Autos auf einem Fahrradschutzstreifen

Vision: Autos und Fahrräder auf Augenhöhe

Stand: 28.05.2024, 18:08 Uhr

Mehr Infrastruktur und ein attraktiver ÖPNV - laut einer neuen Studie könnte so der Radverkehr bis 2035 verdreifacht werden. Voraussetzung wäre eine radikale Verkehrswende.

Der Straßenverkehr hat auch 2023 deutlich mehr Abgase verursacht als gesetzlich erlaubt. Nach Daten des Bundesumweltamts waren es statt der erlaubten 133 Millionen Tonnen Treibhausgase im vergangenen Jahr 146 Millionen Tonnen. Zum dritten Mal in Folge wurden damit die Klimaziele der Bundesregierung deutlich gerissen.

Dabei könnten die Emissionen des Verkehrs deutlich reduziert werden. So hat es das Fraunhofer-Institut für System- und Innovationsforschung in Karlsruhe in einer aktuelle Studie vorgerechnet. Immerhin 19 Millionen Tonnen CO2 pro Jahr weniger seien möglich, teilte das Institut am Dienstag mit. Dafür müsste allerdings der Fahrradverkehr bis zum Jahr 2035 verdreifacht werden, heißt es in einer Studie, die das Institut im Auftrag des Allgemeiner Deutscher Fahrrad-Clubs (ADFC) durchgeführt hat.

Fahrradverkehr aktuell nur bei 13 Prozent

Demnach liegt der Fahrradanteil am Gesamtverkehr derzeit bei mageren 13 Prozent - bis 2035 müsste er auf 45 Prozent steigen. Voraussetzung für eine solche Entwicklung ist demnach vor allem eine "einladende Rad-Infrastruktur". Dazu müssten Radwege verdreifacht und verbessert werden, sie müssten dabei vom Autoverkehr getrennt sein und ein "dichtes, lückenloses Netz" bilden.

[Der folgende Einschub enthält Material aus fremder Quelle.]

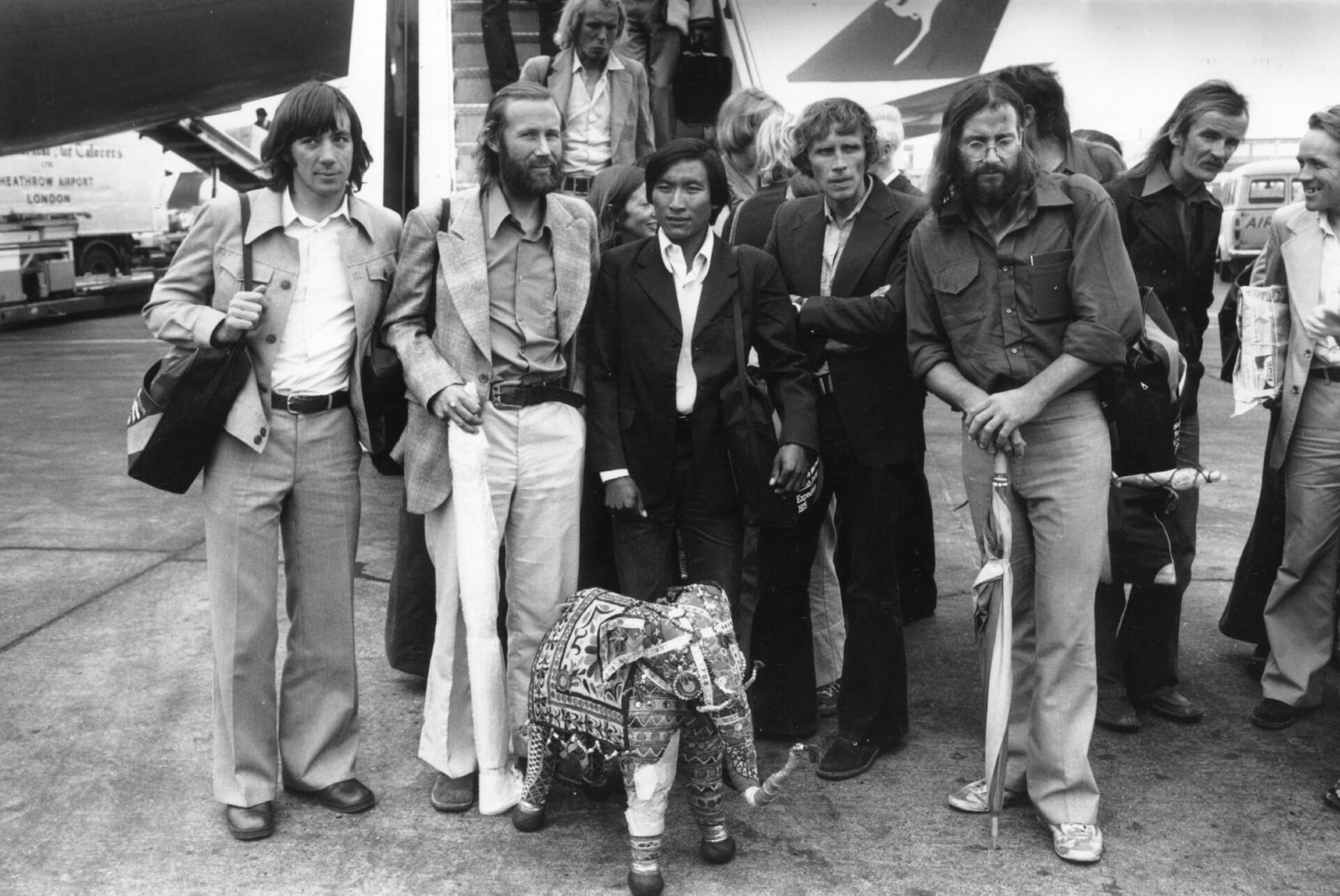 17th October 1975:  Chris Bonington, second from left, and other members of the successful 1975 expedition to climb the South West Face of Everest, at Heathrow Airport.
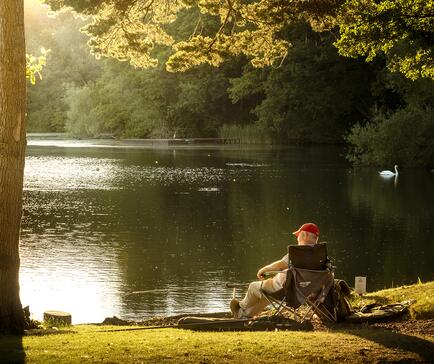 Sunset fishing at tranquil Pearl Lake holiday park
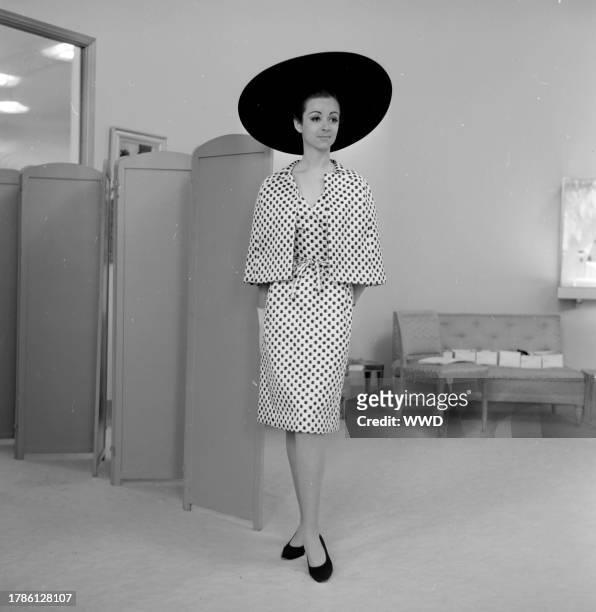 Model poses backstage in a short jacket over sleeveless crisscross dress for the Fall 1965 couture season.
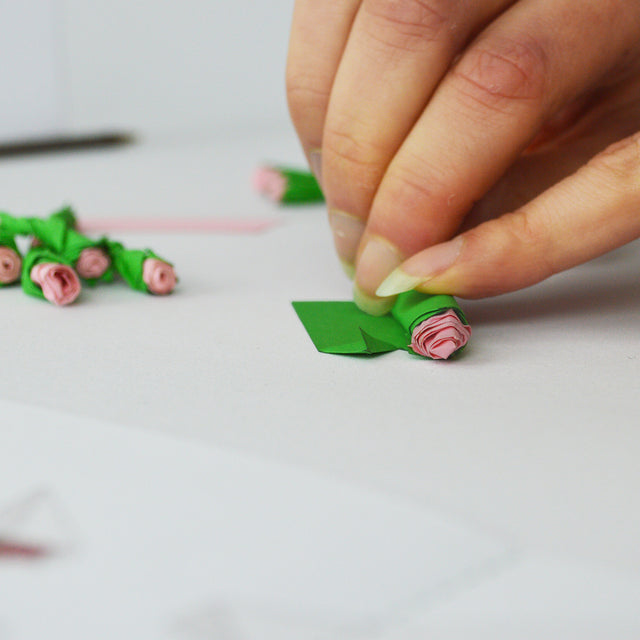 Hand rolling a little pink paper rose in a green paper leaf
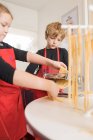 Una niña con hermano mayor que usa la máquina de pasta mientras prepara fideos caseros en la cocina casera - foto de stock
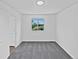 Bedroom with grey carpet, white walls, and a window with a view at 9515 Bexley Dr, Highlands Ranch, CO 80126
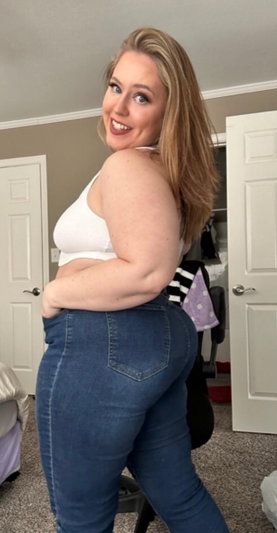Woman with blonde hair in white top and jeans posing in bedroom.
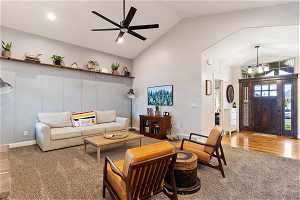 Carpeted living room featuring high vaulted ceiling and ceiling fan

Außerdem sind nach Angaben des Fraunhofer Instituts gute Schnittstellen zu Bussen und Bahnen nötig. Haltestellen und Bahnhöfe müssen also gut angebunden sein und über Fahrradparkplätze verfügen. Besonders die Kommunen seien gefragt: Unter anderem durch Tempo 30 und eine Umgestaltung des Parkraums könnten sie fahrradfreundlicher werden.

38 Millionen für Radwege eingeplant

Auch wenn die völlige Umgestaltung der Verkehrsinfrastruktur bis 2035 ziemlich unrealistisch ist - zumindest Ansätze zu einer Verkehrswende gibt es bereits, auch in Nordrhein-Westfalen: Mehr als 38 Millionen Euro will die NRW-Landesregierung in diesem Jahr in den Bau und Erhalt von Radwegen an Landesstraßen investieren. 15,4 Millionen Euro sollen dabei in den Bau neuer Radwege und 23 Millionen Euro in die Sanierung von vorhandenen Wegen fließen.

Eine Fahrradstraße mit rotem Fahrbahnbelag.

Fahrradstraße in Münster

Dass eine Verkehrswende möglich ist, zeigt seit Jahren die "Fahrradstadt" Münster: Nach Zahlen der Stadt legen die Bewohner und Bewohnerinnen etwa 43 Prozent aller Wege mit dem Rad zurück. Dass Münster so oft bei der Wahl der fahrradfreundlichen Städte vorn liegt, hat Gründe: Insgesamt 480 Kilometer Radwege ziehen sich kreuz und quer durch das ganze Stadtgebiet. Auf vielen Wegen müssen die Radler den knappen Platz nicht mit Autos teilen - ein echtes Plus bei der Sicherheit.

NRW-Kleinstadt mit Bestnote

Auch Kleinstädte wie Wettringen im Kreis Steinfurt haben in den vergangenen Jahren alles daran gesetzt, mit breiten, gut ausgebauten Radwegen ihren Bürger und Bürgerinnen den Umstieg zu erleichtern. Auf einigen Strecken gibt es sogar Beleuchtungssysteme, die automatisch für mehr Licht sorgen, wenn Radfahrer sie passieren. Auch im Umland ist einiges passiert: Eine neue, 62 Kilometer lange Veloroute durch den Kreis Steinfurt schaffte es kürzlich in die Top-Projekte beim Deutschen Fahrradpreis.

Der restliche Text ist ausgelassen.